DONNA BRAZILE, FRM. GORE CAMPAIGN MANAGER: Well, first of all the post-primary phase of the campaign is the most crucial. John Kerry must build upon his primary victories, expand his team, get his surrogates on board and define his candidacy. Four years ago we had a hard time doing that.

Remember, Elian Gonzales, we had problems defining exactly what issues we would take to George Bush. We allowed him to reinvent himself and to come back as a compassionate conservative. So, it really hurt us during that period. So, I advise the Kerry campaign move full speed ahead, go ahead and tell the American people what this country would look like under President Kerry and begin to, take it on, on as he says.

BLITZER: As you remember the criticism of Al Gore was that seemingly every few weeks he was redefining himself.
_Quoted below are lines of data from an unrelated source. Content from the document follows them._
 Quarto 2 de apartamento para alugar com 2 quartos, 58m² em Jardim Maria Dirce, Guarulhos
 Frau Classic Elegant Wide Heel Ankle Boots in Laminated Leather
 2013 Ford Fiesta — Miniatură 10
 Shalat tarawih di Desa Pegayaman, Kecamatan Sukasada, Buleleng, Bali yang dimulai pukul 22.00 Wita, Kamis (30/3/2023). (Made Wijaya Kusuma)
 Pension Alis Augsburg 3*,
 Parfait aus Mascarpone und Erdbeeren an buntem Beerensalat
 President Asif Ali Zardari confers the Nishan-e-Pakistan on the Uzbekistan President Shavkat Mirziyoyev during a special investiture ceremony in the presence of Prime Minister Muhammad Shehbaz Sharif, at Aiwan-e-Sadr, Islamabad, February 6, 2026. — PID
We didn't know which Al Gore was the real Al Gore?

BRAZILE: Well, the real Al Gore had a hard time because the Republicans, during that period, defined us and we were responding to the Republicans and not really setting out our own agenda. This is a crucial moment for the Kerry team. I believe they are ready to begin this fall campaign tomorrow. And in order to do that, they must enlarge their team of people and bring on more surrogates.

BLITZER: As you know, the Bush/Cheney campaign, they have more than a $100 million now to try to define this senator from Massachusetts as another liberal, another Michael Dukakis-type of liberal Massachusetts senator?
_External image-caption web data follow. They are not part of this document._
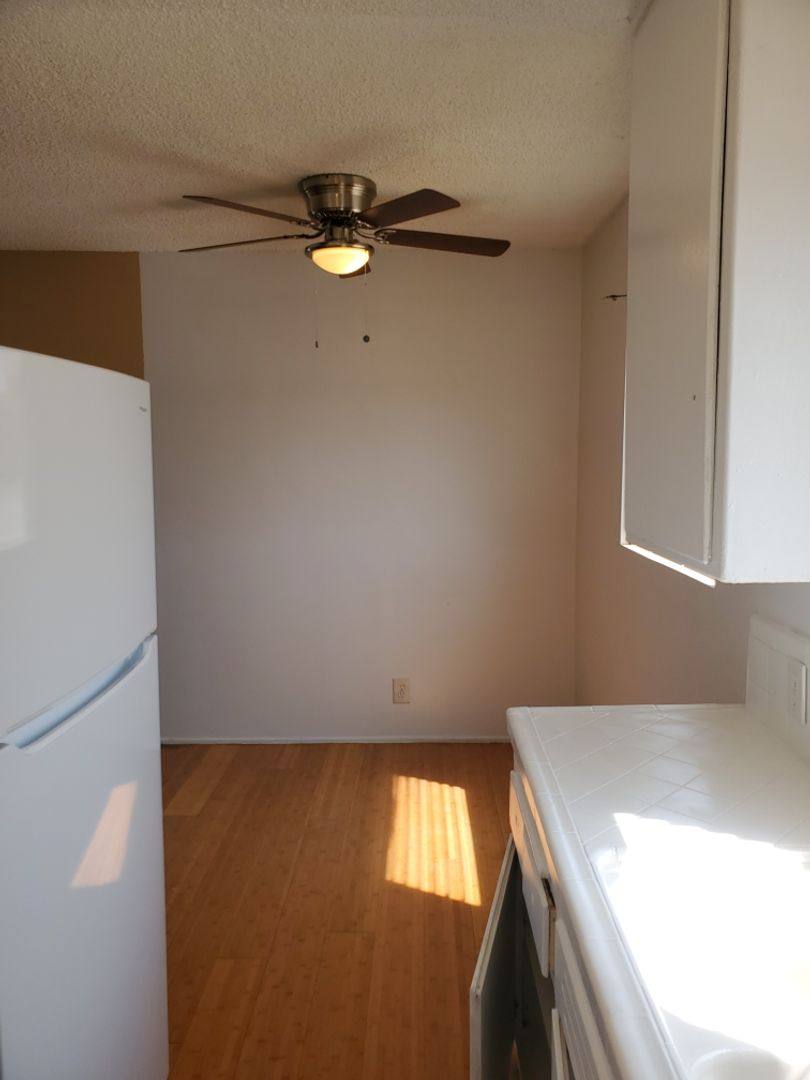 Apartment for rent at 4729 San Vicente Blvd, Los Angeles, CA 90019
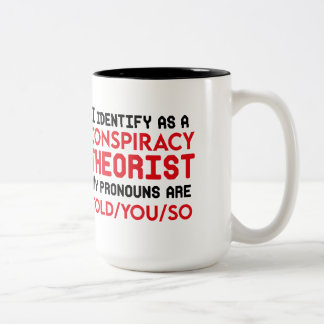 Ich bezeichne mich als Verschwörungstheortikpronom Zweifarbige Tasse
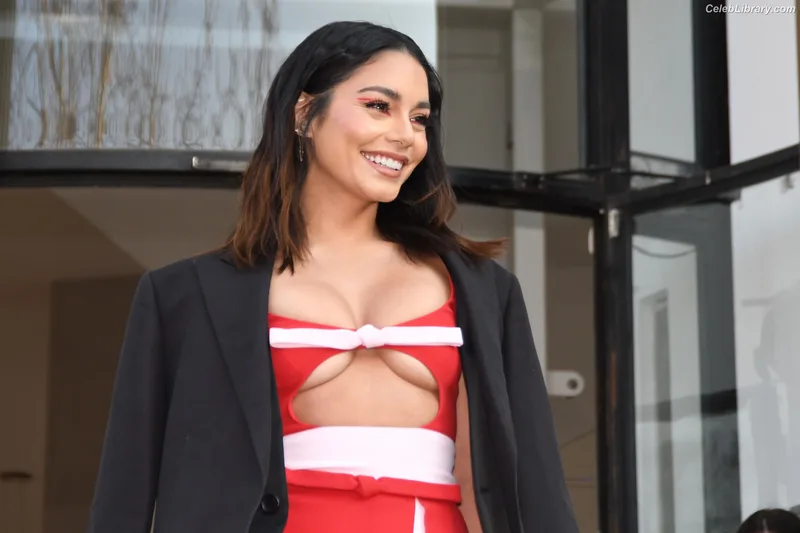 Vanessa Hudgens photo 16 of 1607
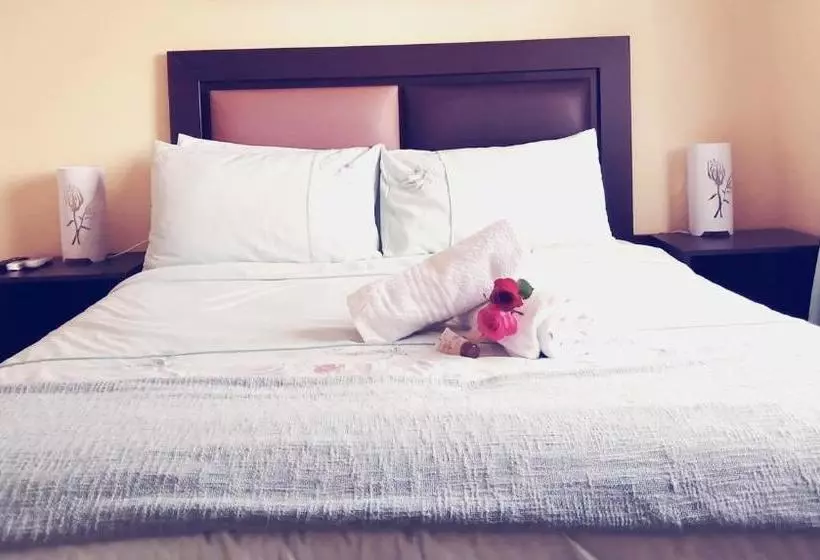 ペンション Hilton Gardens Guesthouse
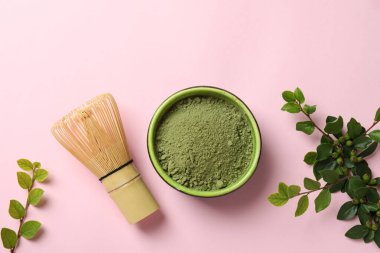 Japon çayı kavramı ve pembe arka planda matcha.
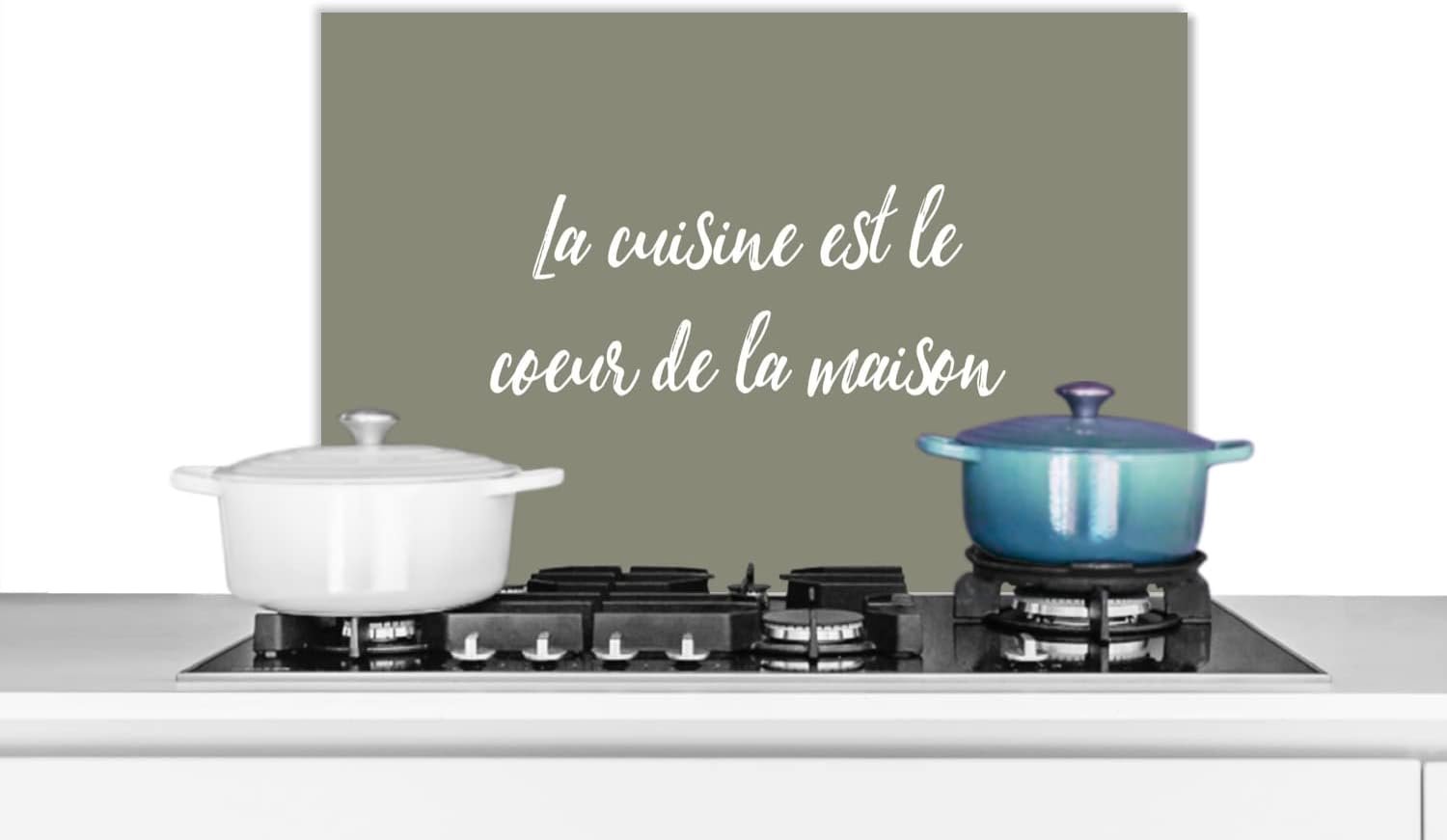 Spatscherm Keuken - 60x40 cm - Spreuken - Olijfgroen - La cuisine est le coeur de la maison - Quote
BRAZILE: That's one of the reasons why I believe the Kerry people need to go into those markets, move on that arc (ph), we'll be running ads. The Kerry people will run ads, the DNC will run ads, hopefully that will help blunt some of the criticism that will come from the Bush/Cheney empire.
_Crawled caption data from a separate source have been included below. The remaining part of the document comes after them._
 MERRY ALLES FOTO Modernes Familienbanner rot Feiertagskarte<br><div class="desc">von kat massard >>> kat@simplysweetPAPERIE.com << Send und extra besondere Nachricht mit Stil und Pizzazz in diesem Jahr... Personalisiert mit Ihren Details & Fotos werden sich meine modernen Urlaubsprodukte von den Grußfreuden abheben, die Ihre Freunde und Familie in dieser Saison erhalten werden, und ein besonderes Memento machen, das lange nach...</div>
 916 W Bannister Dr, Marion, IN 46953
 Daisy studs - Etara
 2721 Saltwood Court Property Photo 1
BLITZER: All right, Donna Brazile, giving us some analysis, as usual. Thank you very much.

BRAZILE: I've learned from the past.

BLITZER: All right, I hope we all have. Thanks very much, Donna, for that.

We're going to take a quick break. Let's take a look at the actual vote that we're getting in, early votes coming in from California, where the polls just closed at the top of the hour. So far, with 4 percent of the vote in, John Kerry, who will go on and win California, we've projected him the winner; 68 percent to 17 percent, for John Edwards. Emerging as a landslide victory in California. The biggest prize so far, for John Kerry.

One reason why John Edwards has decided to step down, will make that official tomorrow. It's been a super sweep. After powering through the primaries, John Kerry gears up for the general election in November. Up next, how it all happened.

And searching for a sidekick, who might share the ticket with Senator Kerry. We'll ask the hosts of CNN's "CROSSFIRE".

Plus this.


UNIDENTIFIED MALE: What you want to do is just hold it up. Like down here, and just say...


UNIDENTIFIED MALE: Yes, that's what I mean. That's the one thing about it. Have a nice smile on your face. You did it, something like that. But don't ...


BLITZER: Documenting Dean, an inside look back at the campaign of the one-time insurgent candidate. You'll see things that you've never seen before, involving the Dean campaign.


BLITZER: I think it's fair to say, we could say the race for the Democratic presidential nomination is now history.

CNN's Judy Woodruff has been looking at the story tonight and has got some assessment of what has actually happened.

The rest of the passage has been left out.